Scientists have hypothesised that iNKT cells could be a useful weapon against cancer because it has been shown that they are capable of targeting many types of cancer at once - a difference from most immune cells, which recognise and attack only one particular type of cancer cell at a time.
But most people have very low quantities of iNKT cells; less than 0.1 percent of blood cells are iNKT cells in most cases.
Still, Yang and her colleagues knew that previous clinical studies have shown that cancer patients with naturally higher levels of iNKT cells generally live longer than those with lower levels of cells.
"They are very powerful cells but they're naturally present in such small numbers in the human blood that they usually can't make a therapeutic difference," said Yang, who also is a UCLA assistant professor of microbiology, immunology and molecular genetics and a member of the UCLA Jonsson Comprehensive Cancer Center.
The researchers' goal was to create a therapy that would permanently boost the body's ability to naturally produce more iNKT cells.

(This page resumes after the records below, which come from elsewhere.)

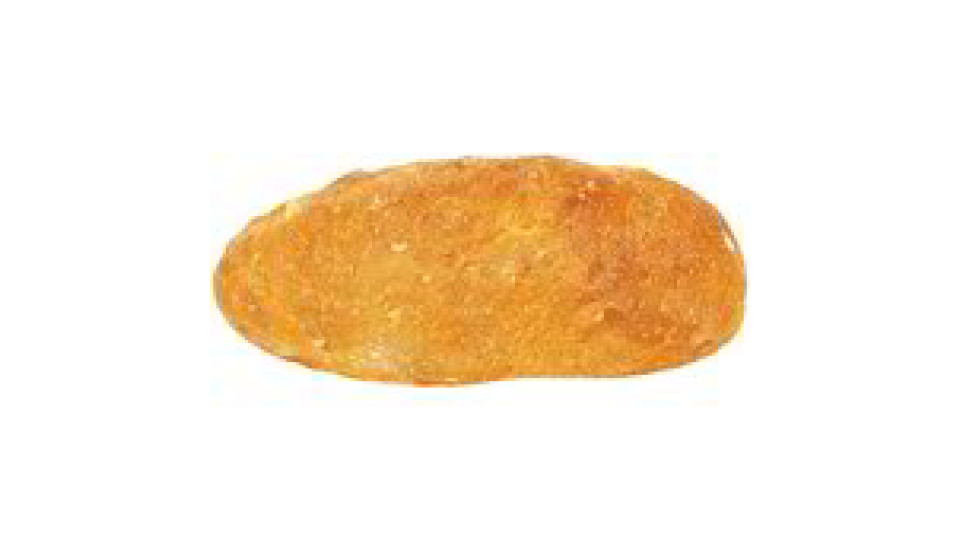 Pane 8 Cereali 400 G
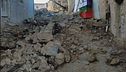 Terremoto, in Afghanistan è strage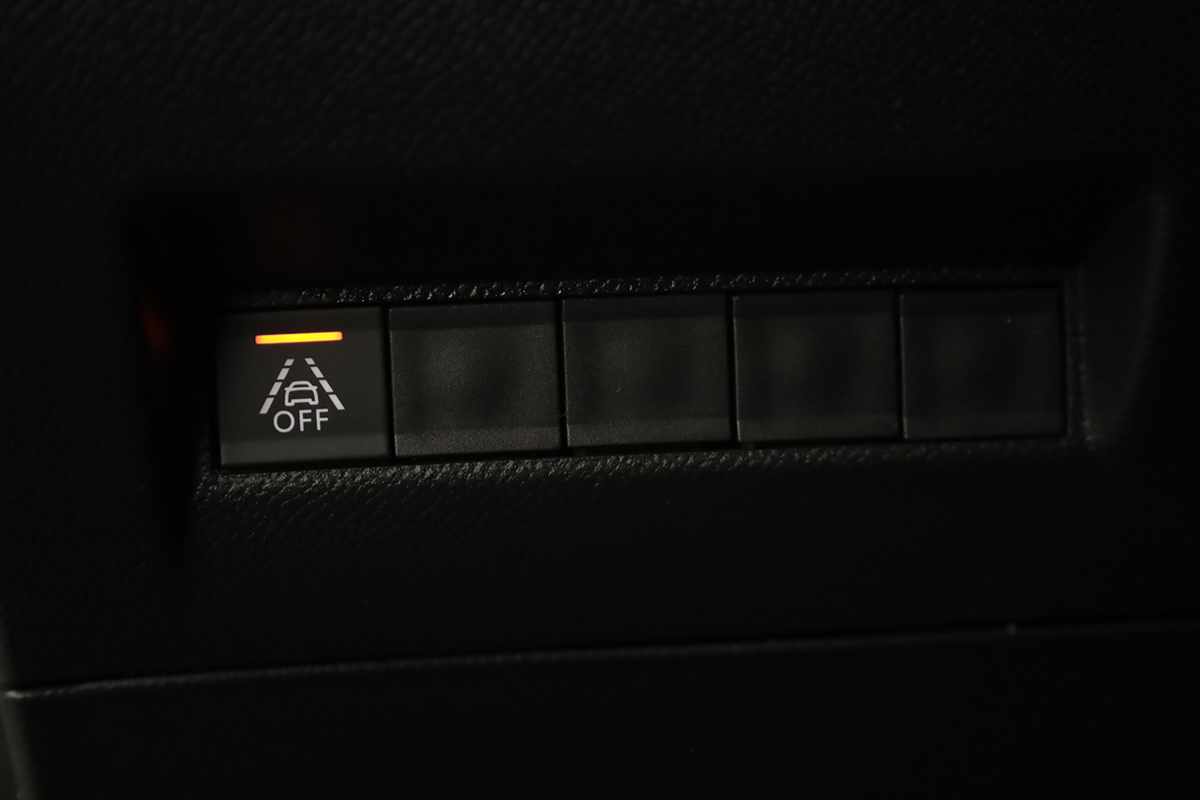 peugeot-2008-2021-gasolina-1199cc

They started with haematopoietic stem cells - cells found in the bone marrow that can duplicate themselves and can become all types of blood and immune cells, including iNKT cells.
The researchers genetically engineered the stem cells so that they were programmed to develop into iNKT cells.
They tested the resulting cells, called haematopoietic stem cell-engineered invariant natural killer T cells, or HSC-iNKT cells, on mice with both human bone marrow and human cancers - either multiple myeloma (a blood cancer) or melanoma (a solid tumour cancer) - and studied what happened to the mice's immune systems, the cancers and the HSC-iNKT cells after they had integrated into the bone marrow.
They found that the stem cells differentiated normally into iNKT cells and continued to produce iNKT cells for the rest of the animals' lives, which was generally about a year.
"One advantage of this approach is that it's a one-time cell therapy that can provide patients with a lifelong supply of iNKT cells," Yang said.
While mice without the engineered stem cell transplants had nearly undetectable levels of iNKT cells, in those that received engineered stem cell transplants, iNKT cells made up as much as 60 percent of the immune systems' total T cell count.
Plus, researchers found they could control those numbers by how they engineered the original haematopoietic stem cells.
Finally, the team found that in both multiple myeloma and melanoma, HSC-iNKT cells effectively suppressed tumour growth.
The study's co-first authors are Yanni Zhu, a UCLA project scientist, and Drake Smith, a UCLA doctoral student.
More work is needed to determine how HSC-iNKT cells might be useful for treating cancer in humans and whether increasing the number of HSC-iNKT cells could cause long-term side effects.
But Yang said haematopoetic stem cells collected either from a person with cancer or a compatible donor could be used to engineer HSC-iNKT cells in the lab.
The procedure for transplanting stem cells into patients' bone marrow is already well-established as a treatment for many blood cancers.